Then she left. It was the first time I had ever been alone in the apartment before in my life. To this day, I still wonder what was said over the phone. I remember it exactly. It could't have been 20 minutes before my aunt showed up, out of breath, and the look of relief as she saw me. Then worry again, as she asked me what was happening.
"I don't know. Grandma got a phone call and left."
Aunt's eyes became sad. She took me by the hand and we left to go to her apartment.
It was only days later, that I learned my grandpa had died. The sugar in his blood levels were always high, and it became too high for his body to handle. It was my great aunt- his sister-in-law, who killed him. I remember seeing grandpa fine as grandma and I left early to go home. But I overheard the adults' conversation later on. He said he wanted to stop drinking, so his sugar levels wouldn't get too high. She told him to relax for once and celebrate the special occasion after they finally finished building their new house. She pushed him into it and he drank more beer. That's when he died. They lived in a country area, so doctors were too far away to help him in time.
Time passed by, I suppose. I don't really remember all that much. I didn't want to. My next biggest memory was at grandpa's funeral.We took a bus to get there, and grandpa was in his coffin in this big room, a part of a big parlour. I remember seeing his white face as the people around me cried. I didn't cry. I looked at grandma's heartbroken face and wondered why they were crying.

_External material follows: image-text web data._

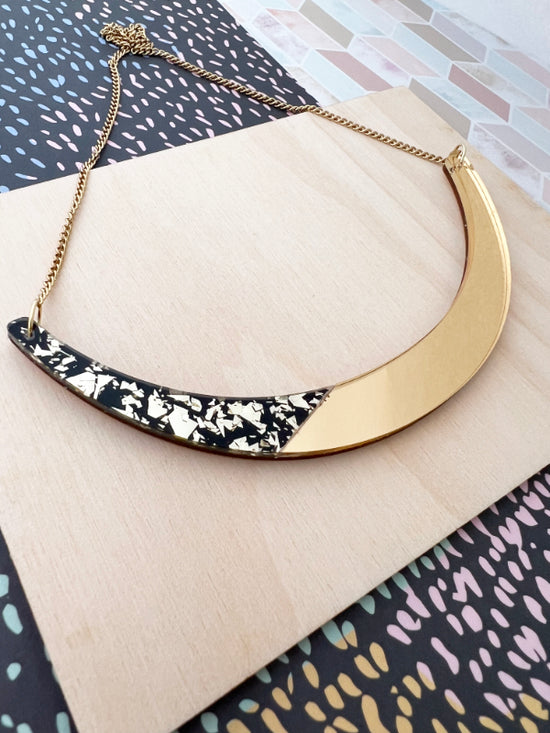 Load image into Gallery viewer, Black and Gold Glitzy Necklace
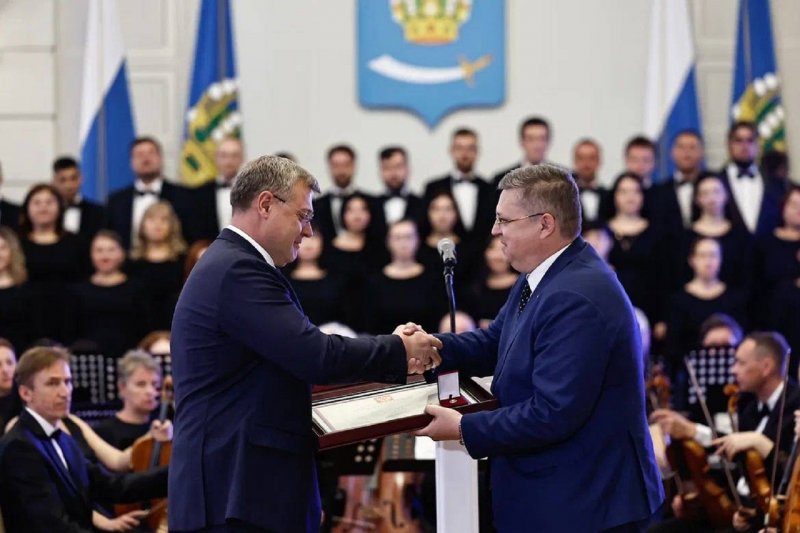 Губернатор Игорь Бабушкин вручил 20 астраханцам награды ко Дню России - «Экономика»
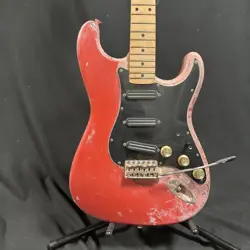 STRATOCASTER 1984-1987 MADE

A long time ago, someone told me I could get a wish granted on every birthday. I planned to wish for ten wishes a day on my next birthday. Then I'd wish for grandpa to come back to life. I was so naive then. I still remember running through the big parlour right after an aunt told me not to. I especially remember mom and dad coming back to our country for his funeral.
"They're late. They always are. I'm surprised they came at all." I remember someone saying that bitterly. I think it was grandma.
Mom wet her napkin with her tears and shakingly wiped the tears onto grandpa's face. I didn't know the significance of that then.
It was time for the procession to move on. I wanted to go with them, but wasn't allowed to. I think it was because of my running earlier after being told not to. I remember thinking it was unfair that my female cousin, only four years older, could go and I couldn't.
Then it was the bus back home, I remember an old lady- one of my relatives- offering an orange on the way home. I'm not sure why that memory stands out so much, but maybe because it was the only piece of happiness on that day.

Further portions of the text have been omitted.